The problem is described as follows:
Newton's Law of Universal Gravitation: $F=G \frac{m_1 m_2}{r^2}$ for any point masses $m_1,m_2$ with the distance between them $r$.
The factor $G≈6.67∙10^{-11} N(m/kg)^2$ is a universal constant.
Denote the mass of Earth as $m_E≈5.972∙10^{24} kg$, the mass of the Moon as $m_M≈7.348∙10^{22} kg$.
The unknown mass of the object will be $m$ and the distance in question will be $R$.
Then the distance between the object and Earth is $\frac{1}{10} R$ and the distance between the object and the Moon is $\frac{9}{10} R$. The force from the Moon and Earth acting on the object is equal.
Now, I worked on the problem and found that from the law we obtain: $$G \frac{mm_E}{\left(\frac{9}{10} R\right)^2} =G \frac{mm_M}{\left(\frac{1}{10} R\right)^2}$$
It seems like there is no solution to the question as not enough information is given. However, I was given this question as an assignment in math class and believe that steps should be shown towards a solution whether it exists or not. I fail to see how to solve this problem, at least to an approximate value, which is what is needed. If anybody knows, help will be immensely appreciated. Thank you.
The question is contradictory.
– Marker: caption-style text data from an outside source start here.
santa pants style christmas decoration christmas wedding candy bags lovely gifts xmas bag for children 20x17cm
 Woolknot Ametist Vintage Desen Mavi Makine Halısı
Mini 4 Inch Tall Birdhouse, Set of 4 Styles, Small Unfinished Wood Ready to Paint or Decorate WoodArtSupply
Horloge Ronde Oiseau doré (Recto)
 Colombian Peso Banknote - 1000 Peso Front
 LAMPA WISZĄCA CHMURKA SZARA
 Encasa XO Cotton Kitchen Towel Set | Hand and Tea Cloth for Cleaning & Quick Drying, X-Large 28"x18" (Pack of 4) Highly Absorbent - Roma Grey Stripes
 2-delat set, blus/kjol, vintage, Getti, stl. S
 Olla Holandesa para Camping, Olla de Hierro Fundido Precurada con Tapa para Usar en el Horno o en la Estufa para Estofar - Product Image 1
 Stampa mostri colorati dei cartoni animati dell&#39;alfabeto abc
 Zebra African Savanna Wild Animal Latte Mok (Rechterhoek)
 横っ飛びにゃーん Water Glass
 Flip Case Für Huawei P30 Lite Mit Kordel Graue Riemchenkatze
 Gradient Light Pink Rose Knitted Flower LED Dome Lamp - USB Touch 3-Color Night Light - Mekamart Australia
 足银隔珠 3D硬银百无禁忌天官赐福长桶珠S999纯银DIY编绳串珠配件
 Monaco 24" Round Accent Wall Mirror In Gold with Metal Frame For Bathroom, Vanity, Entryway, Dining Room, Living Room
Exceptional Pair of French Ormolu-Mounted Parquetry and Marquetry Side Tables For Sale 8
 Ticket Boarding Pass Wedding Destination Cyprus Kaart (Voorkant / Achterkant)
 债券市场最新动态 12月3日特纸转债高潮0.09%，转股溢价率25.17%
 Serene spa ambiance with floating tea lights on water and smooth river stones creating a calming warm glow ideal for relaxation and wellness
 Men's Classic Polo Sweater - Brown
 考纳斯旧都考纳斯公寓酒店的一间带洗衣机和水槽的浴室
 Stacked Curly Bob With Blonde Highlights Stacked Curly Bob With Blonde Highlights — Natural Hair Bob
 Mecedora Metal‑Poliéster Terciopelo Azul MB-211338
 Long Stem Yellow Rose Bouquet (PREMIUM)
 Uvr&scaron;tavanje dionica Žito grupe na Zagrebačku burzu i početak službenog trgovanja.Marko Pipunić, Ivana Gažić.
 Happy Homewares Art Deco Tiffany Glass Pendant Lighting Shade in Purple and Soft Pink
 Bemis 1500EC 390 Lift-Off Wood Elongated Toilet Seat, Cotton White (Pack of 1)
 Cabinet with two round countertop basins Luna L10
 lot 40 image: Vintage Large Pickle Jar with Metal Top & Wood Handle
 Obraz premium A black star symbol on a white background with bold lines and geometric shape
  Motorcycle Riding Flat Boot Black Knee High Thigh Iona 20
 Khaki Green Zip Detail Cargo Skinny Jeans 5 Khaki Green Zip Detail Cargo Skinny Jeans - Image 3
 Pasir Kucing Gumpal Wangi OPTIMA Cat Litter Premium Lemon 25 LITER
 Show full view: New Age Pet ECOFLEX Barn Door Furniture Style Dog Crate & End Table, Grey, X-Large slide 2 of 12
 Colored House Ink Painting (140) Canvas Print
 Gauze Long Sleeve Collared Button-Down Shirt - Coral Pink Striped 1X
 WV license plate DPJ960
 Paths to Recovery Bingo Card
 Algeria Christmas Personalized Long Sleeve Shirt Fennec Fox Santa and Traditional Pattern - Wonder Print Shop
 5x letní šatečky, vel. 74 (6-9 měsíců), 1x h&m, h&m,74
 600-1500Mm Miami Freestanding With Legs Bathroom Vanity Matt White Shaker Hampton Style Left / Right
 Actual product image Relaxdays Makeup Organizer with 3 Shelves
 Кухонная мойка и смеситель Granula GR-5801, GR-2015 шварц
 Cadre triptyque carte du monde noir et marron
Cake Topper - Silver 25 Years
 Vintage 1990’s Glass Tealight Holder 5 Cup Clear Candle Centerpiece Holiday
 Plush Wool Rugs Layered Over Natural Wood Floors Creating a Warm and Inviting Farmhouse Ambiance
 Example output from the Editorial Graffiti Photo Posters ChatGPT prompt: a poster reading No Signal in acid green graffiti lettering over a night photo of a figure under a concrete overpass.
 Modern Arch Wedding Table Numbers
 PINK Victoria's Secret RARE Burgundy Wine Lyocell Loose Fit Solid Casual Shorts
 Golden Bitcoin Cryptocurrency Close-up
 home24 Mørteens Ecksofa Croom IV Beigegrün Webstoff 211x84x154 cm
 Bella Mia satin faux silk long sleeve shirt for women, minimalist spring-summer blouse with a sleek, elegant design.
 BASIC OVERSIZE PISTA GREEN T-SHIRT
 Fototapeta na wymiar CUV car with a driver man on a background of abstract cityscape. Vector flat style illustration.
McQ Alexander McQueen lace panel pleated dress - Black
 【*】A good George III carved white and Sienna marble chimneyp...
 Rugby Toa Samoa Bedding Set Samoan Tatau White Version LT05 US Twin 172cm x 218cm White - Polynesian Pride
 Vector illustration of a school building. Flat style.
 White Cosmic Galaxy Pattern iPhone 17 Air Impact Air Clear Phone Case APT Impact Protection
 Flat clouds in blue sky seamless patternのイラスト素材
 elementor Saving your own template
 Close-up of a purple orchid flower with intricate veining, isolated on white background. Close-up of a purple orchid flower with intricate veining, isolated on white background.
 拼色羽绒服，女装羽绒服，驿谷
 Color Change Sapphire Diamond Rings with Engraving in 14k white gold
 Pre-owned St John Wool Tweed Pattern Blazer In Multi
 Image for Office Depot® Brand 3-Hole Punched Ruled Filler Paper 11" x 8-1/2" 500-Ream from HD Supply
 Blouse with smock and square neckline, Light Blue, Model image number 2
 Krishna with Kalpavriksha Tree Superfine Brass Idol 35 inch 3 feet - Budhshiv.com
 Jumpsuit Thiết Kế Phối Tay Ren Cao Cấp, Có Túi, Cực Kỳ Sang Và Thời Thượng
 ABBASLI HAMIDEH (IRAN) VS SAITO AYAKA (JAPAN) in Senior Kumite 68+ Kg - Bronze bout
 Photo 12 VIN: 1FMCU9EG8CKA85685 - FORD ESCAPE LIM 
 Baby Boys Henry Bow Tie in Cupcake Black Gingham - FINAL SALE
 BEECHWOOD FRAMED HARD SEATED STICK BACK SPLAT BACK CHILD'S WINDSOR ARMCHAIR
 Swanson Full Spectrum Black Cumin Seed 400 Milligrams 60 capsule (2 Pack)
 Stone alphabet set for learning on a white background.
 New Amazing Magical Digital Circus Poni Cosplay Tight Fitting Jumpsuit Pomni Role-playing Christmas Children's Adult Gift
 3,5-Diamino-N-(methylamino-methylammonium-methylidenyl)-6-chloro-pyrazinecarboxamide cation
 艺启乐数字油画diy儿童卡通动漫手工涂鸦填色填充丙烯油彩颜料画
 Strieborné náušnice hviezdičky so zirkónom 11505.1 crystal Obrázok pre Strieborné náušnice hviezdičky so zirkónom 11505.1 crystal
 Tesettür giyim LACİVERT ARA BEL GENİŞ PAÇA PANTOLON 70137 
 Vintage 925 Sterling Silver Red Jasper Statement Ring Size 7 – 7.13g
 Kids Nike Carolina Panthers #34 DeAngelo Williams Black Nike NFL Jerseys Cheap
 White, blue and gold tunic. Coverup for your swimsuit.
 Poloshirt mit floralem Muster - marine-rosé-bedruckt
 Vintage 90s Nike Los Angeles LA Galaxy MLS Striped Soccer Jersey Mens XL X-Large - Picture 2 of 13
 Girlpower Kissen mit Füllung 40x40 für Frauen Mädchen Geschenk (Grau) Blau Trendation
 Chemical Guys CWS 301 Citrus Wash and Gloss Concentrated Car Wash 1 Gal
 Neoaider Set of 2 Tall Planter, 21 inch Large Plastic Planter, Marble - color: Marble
As the earth's mass is higher than the moon's mass and the object is $9$ times closer to the earth, the earth's attraction will be $9^2\frac {m_E}{m_M}\approx 81 \cdot 81.3$ It appears the object should be about $9$ times closer to the moon than to the earth to make the gravitational forces (almost) equal. You don't say what the "distance in question $R$" is. I suspect it is the distance from the earth to the moon and you are to find the location where the gravitational forces are equal. It will be about $1/10$ of the way from the moon to the earth, but maybe you are expected to get a more precise answer. You don't have anything to set $R$ in the data you have presented. You also don't say what you are asked to solve for. What is the question?